┌──

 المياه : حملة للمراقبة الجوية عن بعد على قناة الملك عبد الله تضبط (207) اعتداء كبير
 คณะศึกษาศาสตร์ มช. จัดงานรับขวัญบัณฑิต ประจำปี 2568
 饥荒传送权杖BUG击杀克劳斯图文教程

└──
┌──

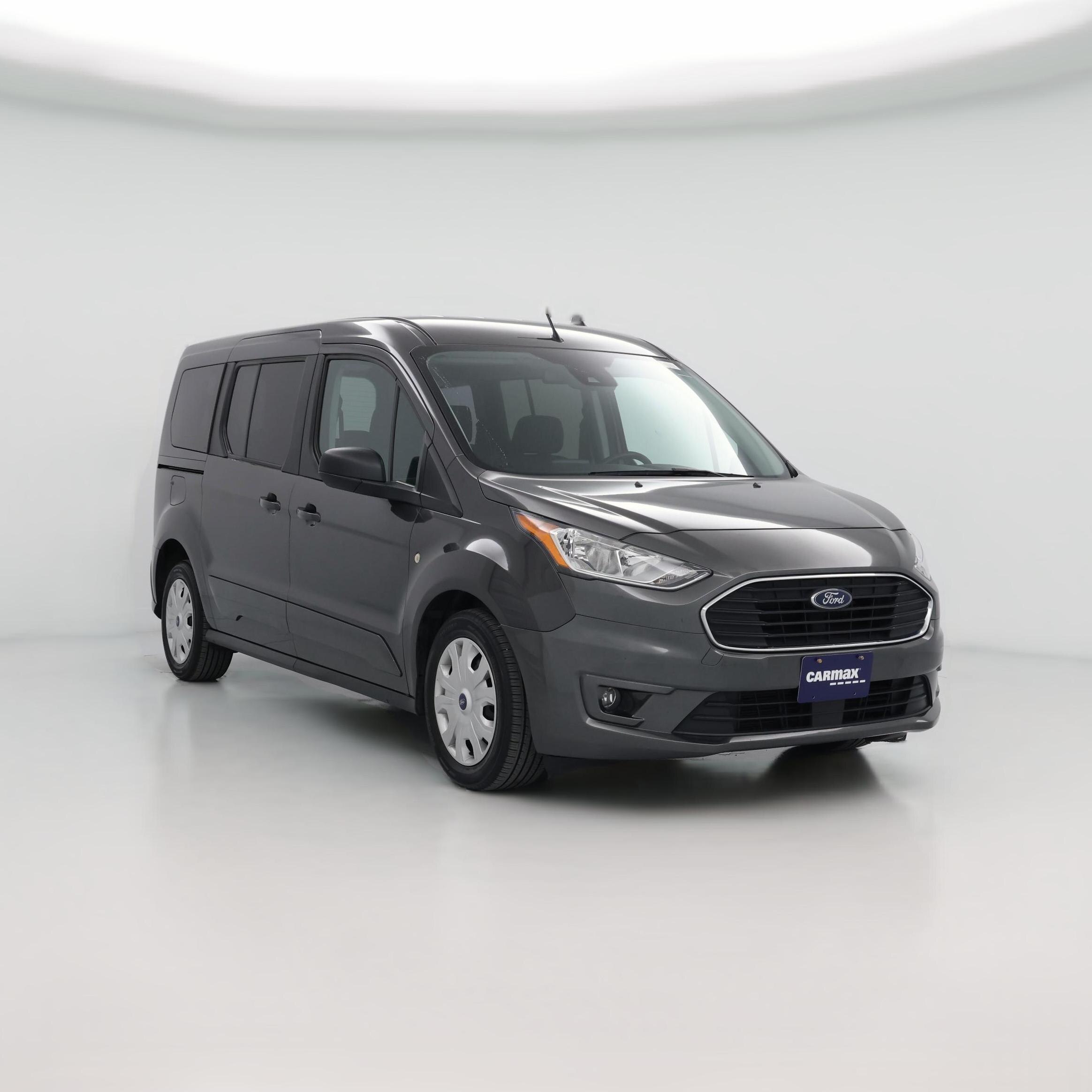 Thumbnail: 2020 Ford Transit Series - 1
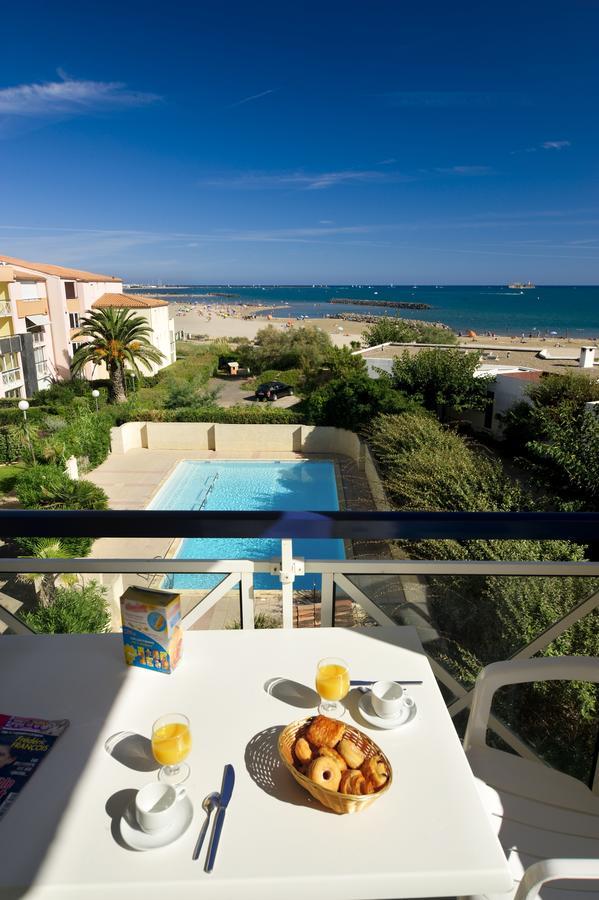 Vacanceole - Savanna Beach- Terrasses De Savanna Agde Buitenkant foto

└──

» **Assigned task**
Transcribe the records above exactly, beginning at the line that contains "المياه : حملة" and ending with the line that contains "饥荒传送权杖BUG击杀克劳斯图文教程", both included, and nothing else.

» **Task result**
 المياه : حملة للمراقبة الجوية عن بعد على قناة الملك عبد الله تضبط (207) اعتداء كبير
 คณะศึกษาศาสตร์ มช. จัดงานรับขวัญบัณฑิต ประจำปี 2568
 饥荒传送权杖BUG击杀克劳斯图文教程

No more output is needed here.